Media Kampung, Jakarta – Komisi Pemberantasan Korupsi (KPK) resmi menahan Moch Mahrus alias M. Mahrus Ali, anggota DPRD Jawa Timur periode 2024-2029, sebagai tersangka dalam kasus dugaan suap pengurusan dana hibah Kelompok Masyarakat (Pokmas) yang bersumber dari APBD Pemerintah Provinsi Jawa Timur.
Fakta Utama Penahanan Mahrus Ali
Mahrus Ali diduga berperan sebagai pengelola dana hibah Pokmas di Kabupaten Probolinggo sekaligus sebagai pihak pemberi suap. Penahanan dilakukan pada Selasa, 28 Juli 2026, dan Mahrus saat ini ditahan di Rumah Tahanan Cabang Gedung Merah Putih KPK.
Juru Bicara KPK, Budi Prasetyo, menyatakan bahwa Mahrus memberikan sejumlah fasilitas dan uang kepada mantan Wakil Ketua DPRD Jawa Timur Sahat Tua Simanjuntak (AS) melalui stafnya, Bagus Wahyudiono (BGS), untuk memperoleh alokasi dana hibah Pokmas senilai Rp83,4 miliar.
Detail Dugaan Suap
- Penyerahan uang tunai sebesar Rp1,5 miliar.
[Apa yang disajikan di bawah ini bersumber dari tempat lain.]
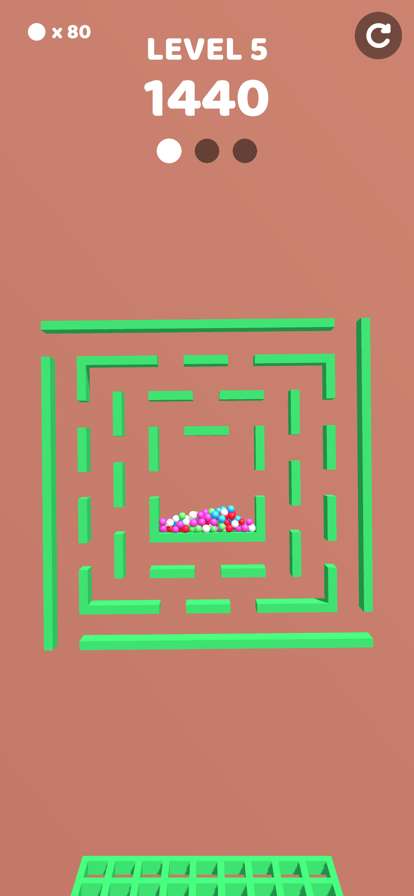 球球迷宫3Dios版1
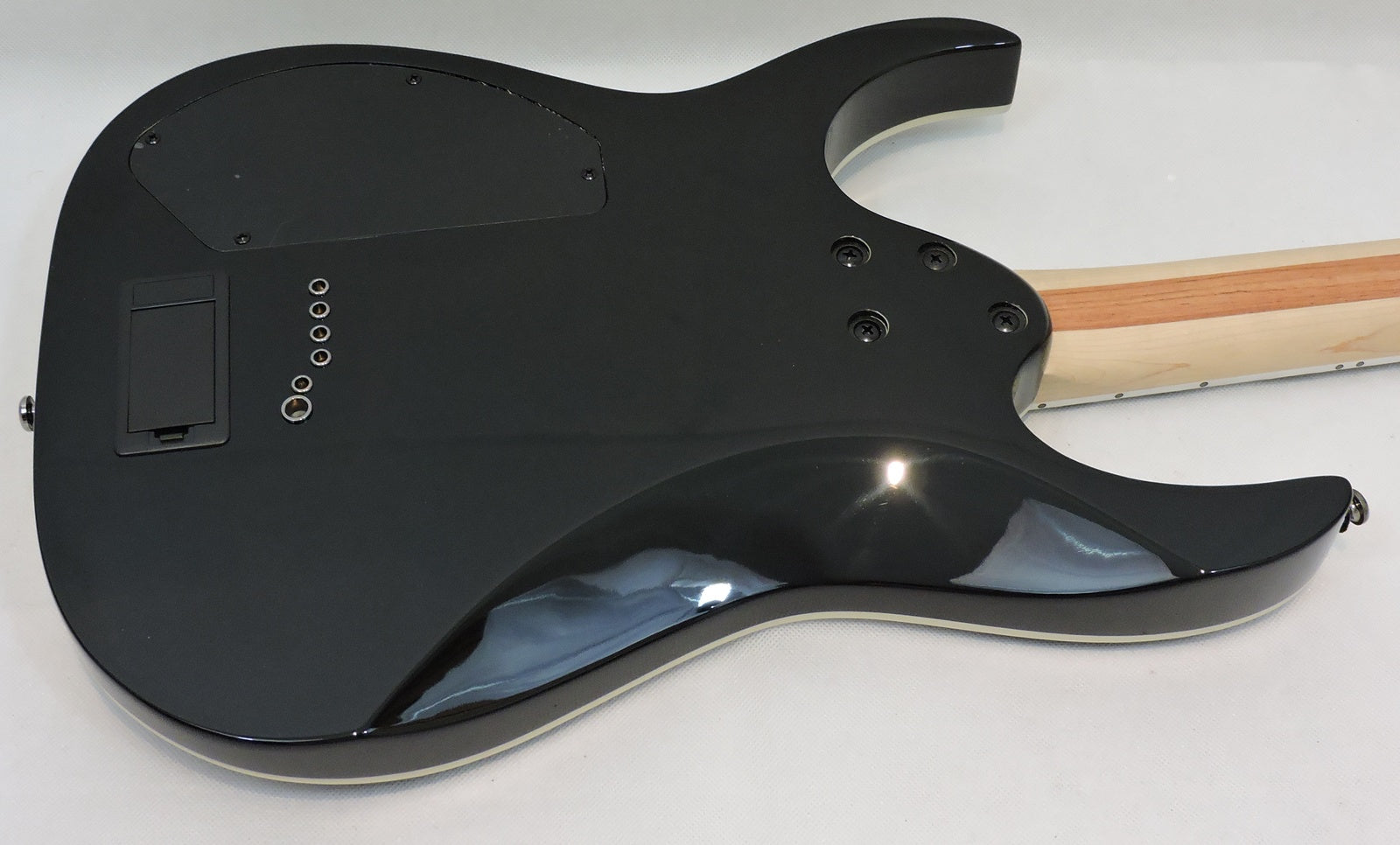 Ibanez RGIB21 Iron Label Baritone, B Stock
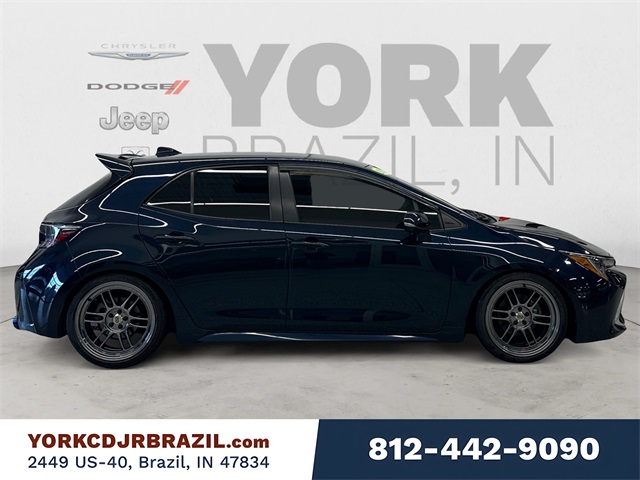2021 Toyota Corolla XSE photo 6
- Emas seberat sekitar 1 kilogram.
- Pelunasan pembelian satu unit rumah di Surabaya.
- Pembiayaan pendirian usaha Stasiun Pengisian dan Pengangkutan Bulk Elpiji (SPBE) milik AS melalui BGS.
Semua pemberian tersebut diduga diberikan untuk mendapatkan alokasi dana hibah Pokmas.
Konteks Kasus dan Tersangka Lain
KPK telah menetapkan 21 tersangka dalam perkara ini yang terbagi dalam tiga klaster penanganan. Mahrus merupakan salah satu dari 10 tersangka pada klaster pemberi suap. Sebelumnya, pada 21 Juli 2026, KPK menahan tiga tersangka lain dari klaster yang sama yakni Achmad Yahya, M Fathullah, dan Ra Wahid Ruslan.
Para tersangka disangkakan melanggar Pasal 5 ayat (1) huruf a atau huruf b atau Pasal 13 Undang-Undang Nomor 31 Tahun 1999 tentang Pemberantasan Tindak Pidana Korupsi sebagaimana telah diubah dengan Undang-Undang Nomor 20 Tahun 2001 juncto Pasal 55 ayat (1) ke-1 KUHP.
Dampak dan Pengembangan Penyidikan
KPK telah menyita aset milik Sahat dan Bagus dengan nilai sekitar Rp22 miliar sebagai bagian dari upaya pemulihan aset hasil tindak pidana korupsi. Penyidik juga masih mendalami aliran dana serta menelusuri aset yang diduga berkaitan dengan perkara ini.
Penahanan Mahrus dan tersangka lain menandai langkah tegas KPK dalam memberantas korupsi yang melibatkan pejabat daerah serta pengelolaan dana publik yang harusnya digunakan untuk kepentingan masyarakat.